DATA SUPPLIED Start Marker

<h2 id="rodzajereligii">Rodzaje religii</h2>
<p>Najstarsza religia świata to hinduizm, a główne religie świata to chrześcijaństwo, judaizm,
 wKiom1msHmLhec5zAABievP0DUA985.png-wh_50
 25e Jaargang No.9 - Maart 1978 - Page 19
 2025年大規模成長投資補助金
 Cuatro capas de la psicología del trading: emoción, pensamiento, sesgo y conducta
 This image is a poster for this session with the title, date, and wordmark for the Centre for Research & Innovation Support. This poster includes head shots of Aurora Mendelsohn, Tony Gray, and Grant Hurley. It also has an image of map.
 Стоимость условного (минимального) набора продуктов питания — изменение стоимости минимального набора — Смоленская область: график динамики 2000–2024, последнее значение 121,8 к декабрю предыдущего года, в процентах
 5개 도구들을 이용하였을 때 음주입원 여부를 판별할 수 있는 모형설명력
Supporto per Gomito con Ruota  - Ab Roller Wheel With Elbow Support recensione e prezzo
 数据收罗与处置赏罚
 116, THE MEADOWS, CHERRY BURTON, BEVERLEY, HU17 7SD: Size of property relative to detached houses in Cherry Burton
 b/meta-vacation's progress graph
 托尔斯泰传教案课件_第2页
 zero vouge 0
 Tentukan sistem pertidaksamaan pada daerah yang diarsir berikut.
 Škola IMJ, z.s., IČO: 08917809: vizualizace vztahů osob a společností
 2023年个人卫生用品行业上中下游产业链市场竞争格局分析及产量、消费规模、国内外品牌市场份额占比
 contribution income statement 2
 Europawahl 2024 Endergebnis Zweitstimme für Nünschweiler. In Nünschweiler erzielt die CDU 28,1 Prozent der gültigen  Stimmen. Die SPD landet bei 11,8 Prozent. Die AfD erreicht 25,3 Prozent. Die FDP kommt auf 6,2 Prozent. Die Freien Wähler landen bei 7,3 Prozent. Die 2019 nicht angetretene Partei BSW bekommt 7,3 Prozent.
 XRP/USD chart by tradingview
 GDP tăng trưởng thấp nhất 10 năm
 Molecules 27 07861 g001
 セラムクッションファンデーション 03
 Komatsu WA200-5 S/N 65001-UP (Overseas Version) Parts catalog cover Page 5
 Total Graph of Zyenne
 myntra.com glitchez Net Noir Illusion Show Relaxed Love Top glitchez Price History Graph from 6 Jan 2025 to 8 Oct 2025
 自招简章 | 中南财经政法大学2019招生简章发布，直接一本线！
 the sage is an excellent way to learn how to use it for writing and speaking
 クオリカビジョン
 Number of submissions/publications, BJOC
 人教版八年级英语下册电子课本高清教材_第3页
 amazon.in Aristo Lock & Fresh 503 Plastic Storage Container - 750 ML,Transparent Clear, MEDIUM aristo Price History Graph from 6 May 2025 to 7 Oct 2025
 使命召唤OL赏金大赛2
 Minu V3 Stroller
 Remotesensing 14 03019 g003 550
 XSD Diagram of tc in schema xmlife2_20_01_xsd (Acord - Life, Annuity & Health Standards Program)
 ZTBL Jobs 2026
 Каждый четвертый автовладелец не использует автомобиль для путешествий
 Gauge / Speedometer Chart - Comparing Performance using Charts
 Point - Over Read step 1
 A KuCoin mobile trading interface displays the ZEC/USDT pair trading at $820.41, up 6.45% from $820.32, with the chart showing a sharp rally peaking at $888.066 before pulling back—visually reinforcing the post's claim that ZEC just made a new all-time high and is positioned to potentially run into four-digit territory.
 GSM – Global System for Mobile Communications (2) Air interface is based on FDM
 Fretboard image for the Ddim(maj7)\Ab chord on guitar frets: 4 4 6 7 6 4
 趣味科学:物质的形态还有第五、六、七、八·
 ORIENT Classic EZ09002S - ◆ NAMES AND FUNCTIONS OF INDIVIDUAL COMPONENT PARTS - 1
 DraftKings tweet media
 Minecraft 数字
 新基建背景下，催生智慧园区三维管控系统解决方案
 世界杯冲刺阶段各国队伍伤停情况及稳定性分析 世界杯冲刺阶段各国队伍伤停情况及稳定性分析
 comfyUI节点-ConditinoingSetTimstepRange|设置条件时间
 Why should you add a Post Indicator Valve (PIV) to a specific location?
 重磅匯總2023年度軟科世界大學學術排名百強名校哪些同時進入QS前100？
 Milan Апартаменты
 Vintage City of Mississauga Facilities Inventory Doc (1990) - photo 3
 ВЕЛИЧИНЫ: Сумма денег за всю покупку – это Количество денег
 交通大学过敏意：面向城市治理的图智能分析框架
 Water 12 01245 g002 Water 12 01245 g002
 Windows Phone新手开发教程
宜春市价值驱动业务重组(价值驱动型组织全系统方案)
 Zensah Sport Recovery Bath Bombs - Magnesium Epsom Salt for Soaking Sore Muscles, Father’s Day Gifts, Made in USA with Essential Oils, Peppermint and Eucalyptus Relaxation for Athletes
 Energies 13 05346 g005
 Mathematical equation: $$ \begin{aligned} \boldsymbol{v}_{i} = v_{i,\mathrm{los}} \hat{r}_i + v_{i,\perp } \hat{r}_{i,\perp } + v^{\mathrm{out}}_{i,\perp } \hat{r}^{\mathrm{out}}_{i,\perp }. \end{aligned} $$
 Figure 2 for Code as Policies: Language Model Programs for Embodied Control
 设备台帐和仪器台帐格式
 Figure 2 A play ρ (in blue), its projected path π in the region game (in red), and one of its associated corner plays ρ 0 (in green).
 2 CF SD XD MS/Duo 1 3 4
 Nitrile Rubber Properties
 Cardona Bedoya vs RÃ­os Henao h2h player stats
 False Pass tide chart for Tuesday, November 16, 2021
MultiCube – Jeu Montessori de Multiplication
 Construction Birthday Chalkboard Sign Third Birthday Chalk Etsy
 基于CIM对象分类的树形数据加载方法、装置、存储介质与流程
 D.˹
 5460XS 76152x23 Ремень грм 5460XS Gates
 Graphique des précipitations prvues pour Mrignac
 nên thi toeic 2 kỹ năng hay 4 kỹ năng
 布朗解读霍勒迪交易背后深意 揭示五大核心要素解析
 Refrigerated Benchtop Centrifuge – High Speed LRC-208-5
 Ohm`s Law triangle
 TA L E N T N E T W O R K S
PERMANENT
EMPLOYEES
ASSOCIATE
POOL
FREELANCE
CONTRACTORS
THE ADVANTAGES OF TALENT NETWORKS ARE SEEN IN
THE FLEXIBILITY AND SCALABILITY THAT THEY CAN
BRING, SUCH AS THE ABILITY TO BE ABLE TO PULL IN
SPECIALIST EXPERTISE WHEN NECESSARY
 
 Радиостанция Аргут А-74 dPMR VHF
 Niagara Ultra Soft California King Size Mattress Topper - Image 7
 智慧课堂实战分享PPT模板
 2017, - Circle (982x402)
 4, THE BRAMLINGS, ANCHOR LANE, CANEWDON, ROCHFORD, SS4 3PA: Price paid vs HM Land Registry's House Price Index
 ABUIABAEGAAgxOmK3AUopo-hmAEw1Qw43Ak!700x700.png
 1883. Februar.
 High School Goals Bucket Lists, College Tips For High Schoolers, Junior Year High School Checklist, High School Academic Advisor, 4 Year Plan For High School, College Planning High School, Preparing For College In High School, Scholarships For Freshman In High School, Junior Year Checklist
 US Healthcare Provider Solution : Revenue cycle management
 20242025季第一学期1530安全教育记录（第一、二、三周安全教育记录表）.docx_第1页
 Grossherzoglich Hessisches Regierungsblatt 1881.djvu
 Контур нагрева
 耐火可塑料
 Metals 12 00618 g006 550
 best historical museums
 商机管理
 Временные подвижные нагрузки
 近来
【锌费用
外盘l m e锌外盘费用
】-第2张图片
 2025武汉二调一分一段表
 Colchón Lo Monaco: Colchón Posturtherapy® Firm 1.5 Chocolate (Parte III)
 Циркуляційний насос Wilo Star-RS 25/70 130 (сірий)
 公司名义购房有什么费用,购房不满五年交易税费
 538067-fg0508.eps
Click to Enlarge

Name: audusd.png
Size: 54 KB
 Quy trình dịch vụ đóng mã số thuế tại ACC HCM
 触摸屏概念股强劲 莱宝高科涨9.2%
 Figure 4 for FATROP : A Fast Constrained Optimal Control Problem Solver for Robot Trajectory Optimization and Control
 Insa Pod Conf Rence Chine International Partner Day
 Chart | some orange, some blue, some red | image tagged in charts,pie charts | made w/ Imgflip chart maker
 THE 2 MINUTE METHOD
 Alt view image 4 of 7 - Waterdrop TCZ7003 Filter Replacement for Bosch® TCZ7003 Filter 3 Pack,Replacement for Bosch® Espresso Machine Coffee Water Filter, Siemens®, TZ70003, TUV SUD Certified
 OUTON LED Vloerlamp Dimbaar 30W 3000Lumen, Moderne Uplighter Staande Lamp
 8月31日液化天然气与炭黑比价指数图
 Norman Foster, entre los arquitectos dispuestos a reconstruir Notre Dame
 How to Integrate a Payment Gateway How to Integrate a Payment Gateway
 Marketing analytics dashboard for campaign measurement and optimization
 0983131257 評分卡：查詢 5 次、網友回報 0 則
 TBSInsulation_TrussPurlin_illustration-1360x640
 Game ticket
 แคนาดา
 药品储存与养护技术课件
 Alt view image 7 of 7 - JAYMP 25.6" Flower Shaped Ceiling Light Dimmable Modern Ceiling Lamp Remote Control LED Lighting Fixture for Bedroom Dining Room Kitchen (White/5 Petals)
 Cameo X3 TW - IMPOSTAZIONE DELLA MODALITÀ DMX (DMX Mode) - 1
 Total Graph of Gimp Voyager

DATA SUPPLIED End Marker

Your answer must consist solely of the lines from the top of the entries above through the line containing "This image is", copied exactly, both ends included.

<h2 id="rodzajereligii">Rodzaje religii</h2>
<p>Najstarsza religia świata to hinduizm, a główne religie świata to chrześcijaństwo, judaizm,
 wKiom1msHmLhec5zAABievP0DUA985.png-wh_50
 25e Jaargang No.9 - Maart 1978 - Page 19
 2025年大規模成長投資補助金
 Cuatro capas de la psicología del trading: emoción, pensamiento, sesgo y conducta
 This image is a poster for this session with the title, date, and wordmark for the Centre for Research & Innovation Support. This poster includes head shots of Aurora Mendelsohn, Tony Gray, and Grant Hurley. It also has an image of map.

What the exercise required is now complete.